> **Provided information**:
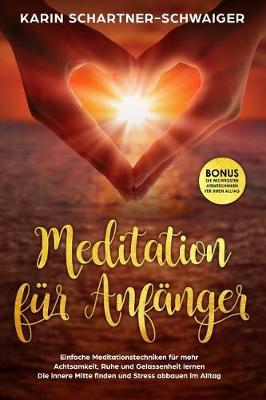 Cover of Meditation F r Anf nger Einfache Meditationstechniken F r Mehr Achtsamkeit, Ruhe Und Gelassenheit Lernen Die Innere Mitte Finden Und Stress Abbauen Im Alltag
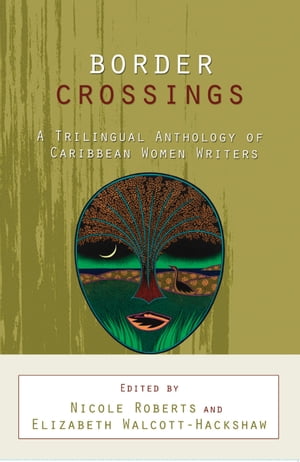 Border Crossings: A Trilingual Anthology of Caribbean Women Writers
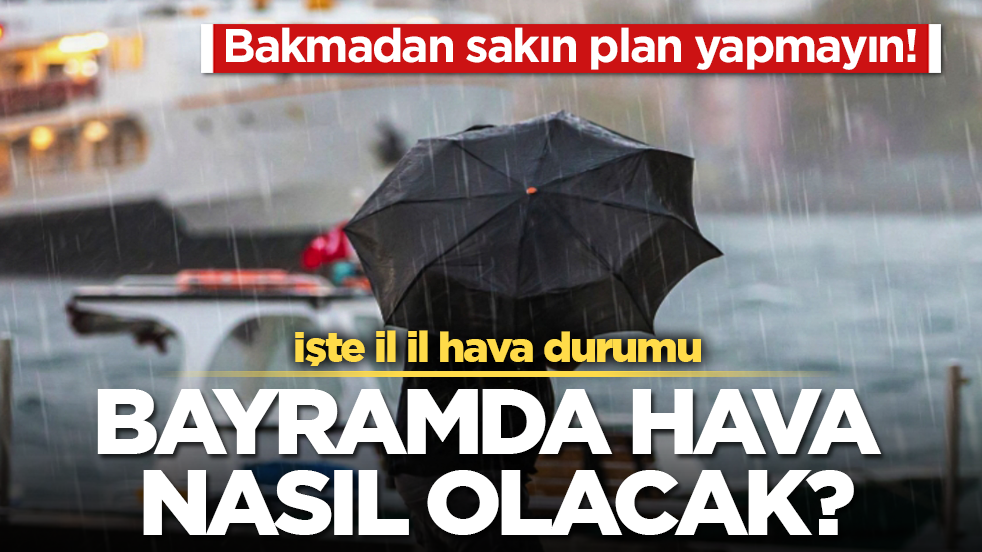 Bayramda hava nasıl olacak? Bakmadan sakın plan yapmayın! İşte il il hava durumu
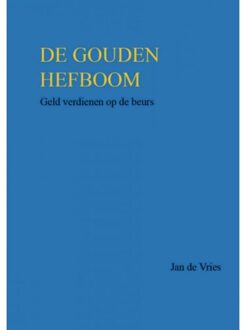 DE GOUDEN HEFBOOM - Boek Jan de Vries (9462546428)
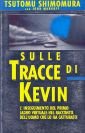 Sulle tracce di Kevin Mitnick. L'inseguimento del primo ladro virtuale nel racconto dell'uomo che lo ha catturato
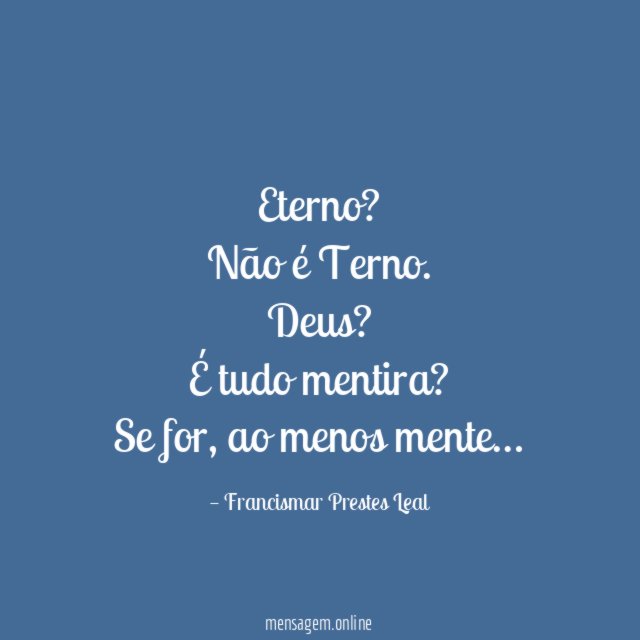 Eterno? Não é Terno.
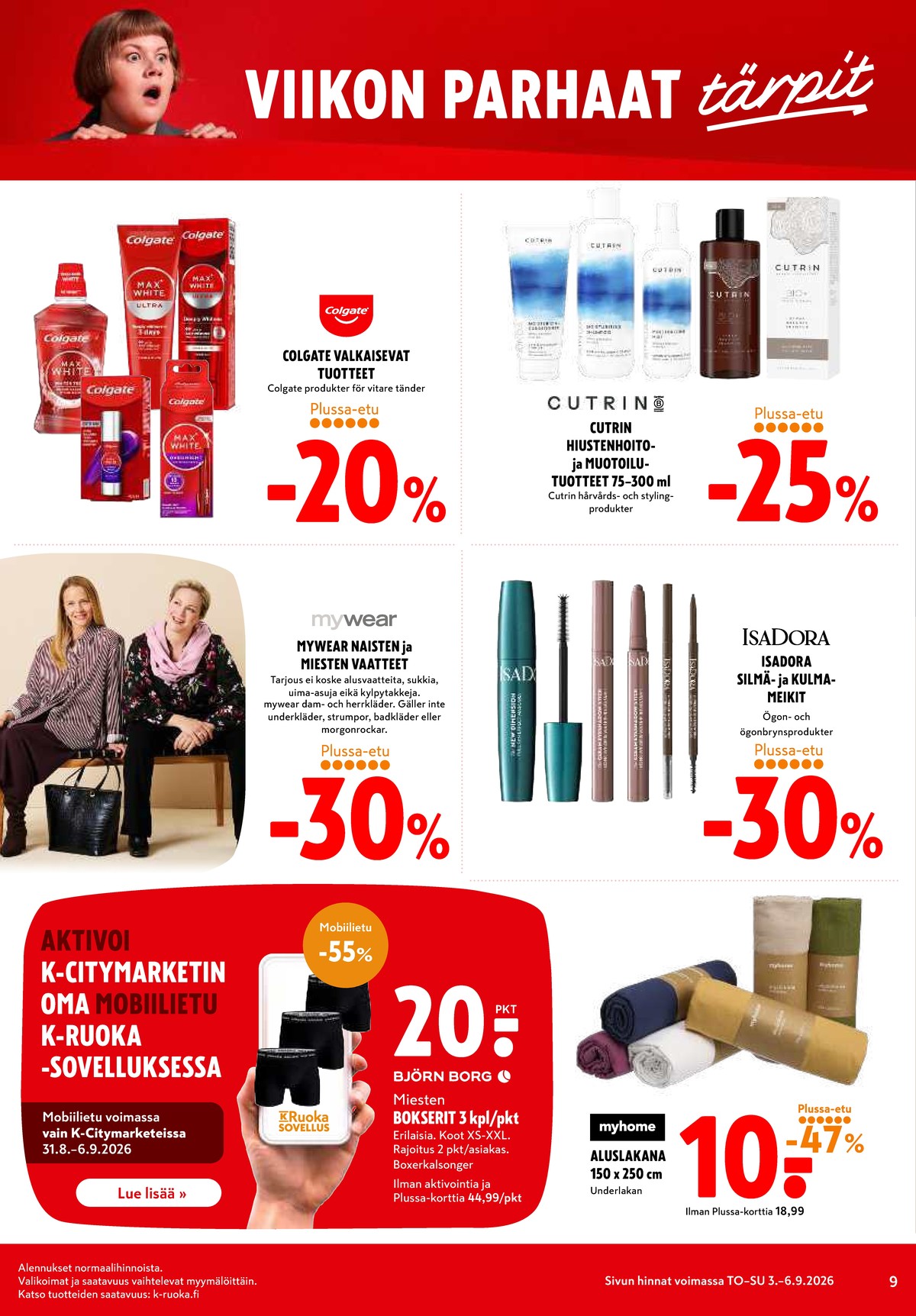 Katso ketjun K-Citymarket tarjouslehti viikolta 36 sivustolla Viikkotarjoukset.fi. Löydät monia hyviä tarjouksia erilaisista tuotteista. Lue tarjouslehti täältä! Sivu 9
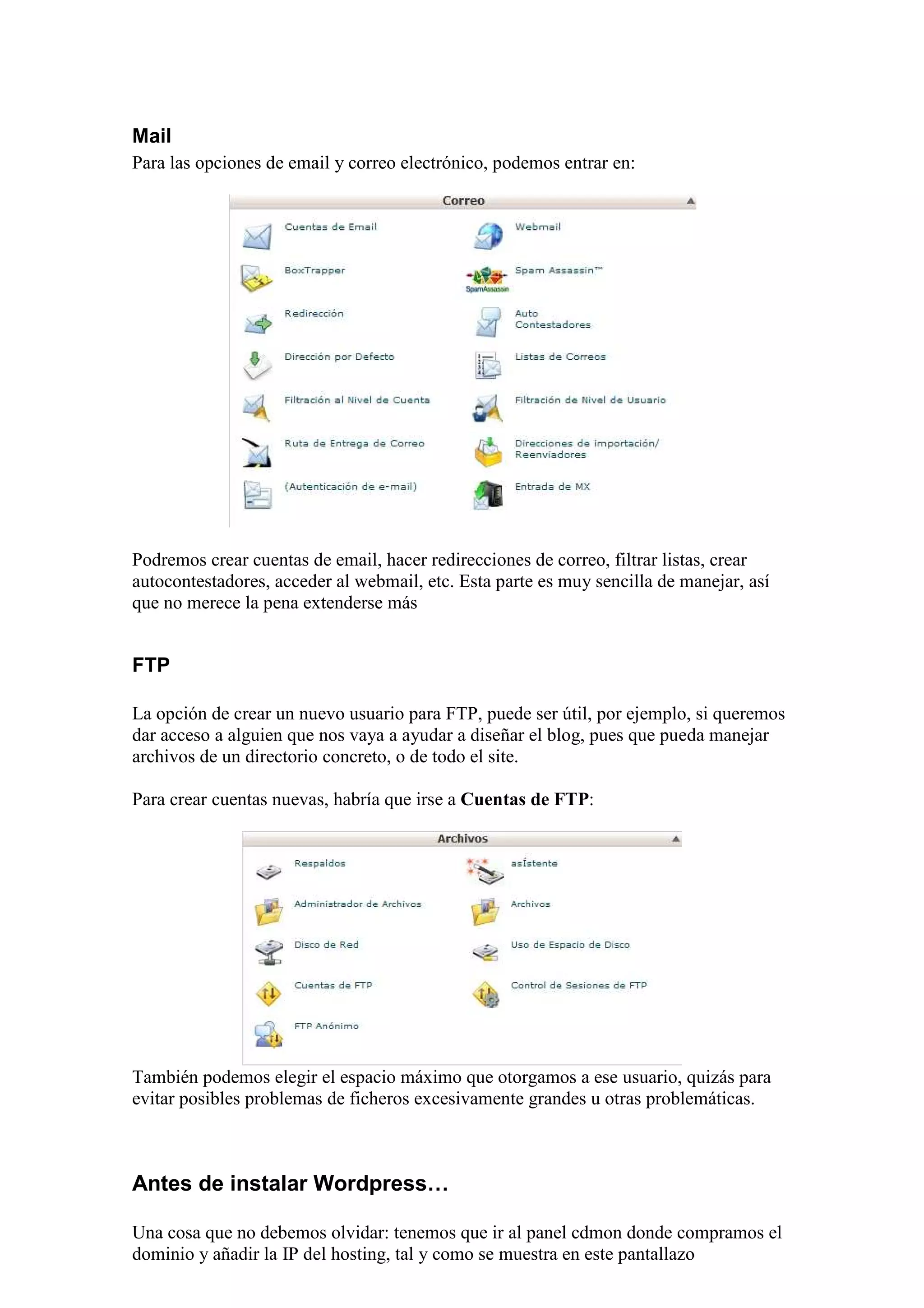 Mail
Para las opciones de email y correo electrónico, podemos entrar en:




Podremos crear cuentas de email, hacer redirecciones de correo, filtrar listas, crear
autocontestadores, acceder al webmail, etc. Esta parte es muy sencilla de manejar, así
que no merece la pena extenderse más


FTP

La opción de crear un nuevo usuario para FTP, puede ser útil, por ejemplo, si queremos
dar acceso a alguien que nos vaya a ayudar a diseñar el blog, pues que pueda manejar
archivos de un directorio concreto, o de todo el site.

Para crear cuentas nuevas, habría que irse a Cuentas de FTP:




También podemos elegir el espacio máximo que otorgamos a ese usuario, quizás para
evitar posibles problemas de ficheros excesivamente grandes u otras problemáticas.



Antes de instalar Wordpress…

Una cosa que no debemos olvidar: tenemos que ir al panel cdmon donde compramos el
dominio y añadir la IP del hosting, tal y como se muestra en este pantallazo
 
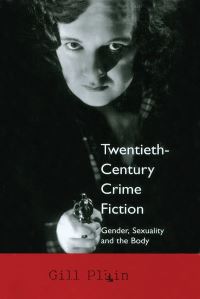 Book Cover for Twentieth Century Crime Fiction by Gill Plain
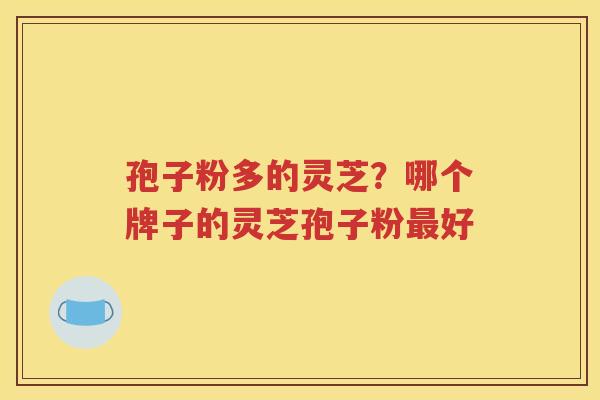 孢子粉多的灵芝？哪个牌子的灵芝孢子粉最好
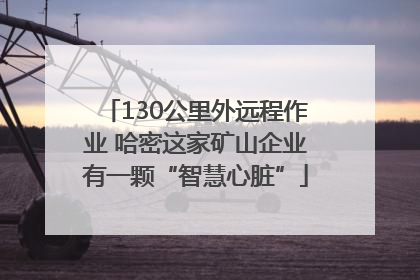 130公里外远程作业 哈密这家矿山企业有一颗“智慧心脏”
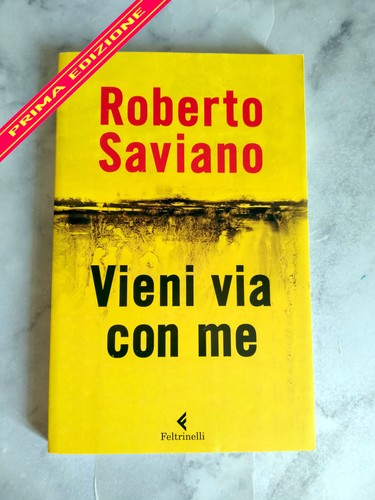 Saviano roberto vieni - -,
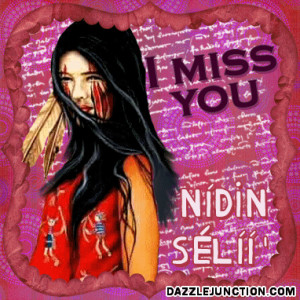 Miss You Navajo Language Picture Image Quote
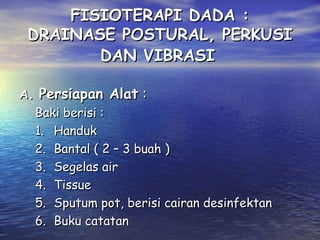 FISIOTERAPI DADA :
DRAINASE POSTURAL, PERKUSI
DAN VIBRASI
A. Persiapan Alat :
Baki berisi :
1. Handuk
2. Bantal ( 2 – 3 buah )
3. Segelas air
4. Tissue
5. Sputum pot, berisi cairan desinfektan
6. Buku catatan

 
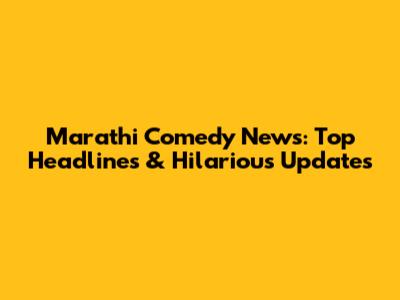 Marathi Comedy News: Top Headlines & Hilarious Updates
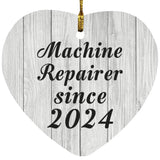 Machine Repairer Since 2024 - Heart Ornament F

> **Your objective**: With the pictures removed, return the data above word for word.

> **Answer to the problem**:
 Cover of Meditation F r Anf nger Einfache Meditationstechniken F r Mehr Achtsamkeit, Ruhe Und Gelassenheit Lernen Die Innere Mitte Finden Und Stress Abbauen Im Alltag
 Border Crossings: A Trilingual Anthology of Caribbean Women Writers
 Bayramda hava nasıl olacak? Bakmadan sakın plan yapmayın! İşte il il hava durumu
 DE GOUDEN HEFBOOM - Boek Jan de Vries (9462546428)
 Sulle tracce di Kevin Mitnick. L'inseguimento del primo ladro virtuale nel racconto dell'uomo che lo ha catturato
 Eterno? Não é Terno.
 Katso ketjun K-Citymarket tarjouslehti viikolta 36 sivustolla Viikkotarjoukset.fi. Löydät monia hyviä tarjouksia erilaisista tuotteista. Lue tarjouslehti täältä! Sivu 9
 Mail
Para las opciones de email y correo electrónico, podemos entrar en:




Podremos crear cuentas de email, hacer redirecciones de correo, filtrar listas, crear
autocontestadores, acceder al webmail, etc. Esta parte es muy sencilla de manejar, así
que no merece la pena extenderse más


FTP

La opción de crear un nuevo usuario para FTP, puede ser útil, por ejemplo, si queremos
dar acceso a alguien que nos vaya a ayudar a diseñar el blog, pues que pueda manejar
archivos de un directorio concreto, o de todo el site.

Para crear cuentas nuevas, habría que irse a Cuentas de FTP:




También podemos elegir el espacio máximo que otorgamos a ese usuario, quizás para
evitar posibles problemas de ficheros excesivamente grandes u otras problemáticas.



Antes de instalar Wordpress…

Una cosa que no debemos olvidar: tenemos que ir al panel cdmon donde compramos el
dominio y añadir la IP del hosting, tal y como se muestra en este pantallazo
 
 Book Cover for Twentieth Century Crime Fiction by Gill Plain
 孢子粉多的灵芝？哪个牌子的灵芝孢子粉最好
 130公里外远程作业 哈密这家矿山企业有一颗“智慧心脏”
 Saviano roberto vieni - -,
 Miss You Navajo Language Picture Image Quote
 FISIOTERAPI DADA :
DRAINASE POSTURAL, PERKUSI
DAN VIBRASI
A. Persiapan Alat :
Baki berisi :
1. Handuk
2. Bantal ( 2 – 3 buah )
3. Segelas air
4. Tissue
5. Sputum pot, berisi cairan desinfektan
6. Buku catatan

 
 Marathi Comedy News: Top Headlines & Hilarious Updates
 Machine Repairer Since 2024 - Heart Ornament F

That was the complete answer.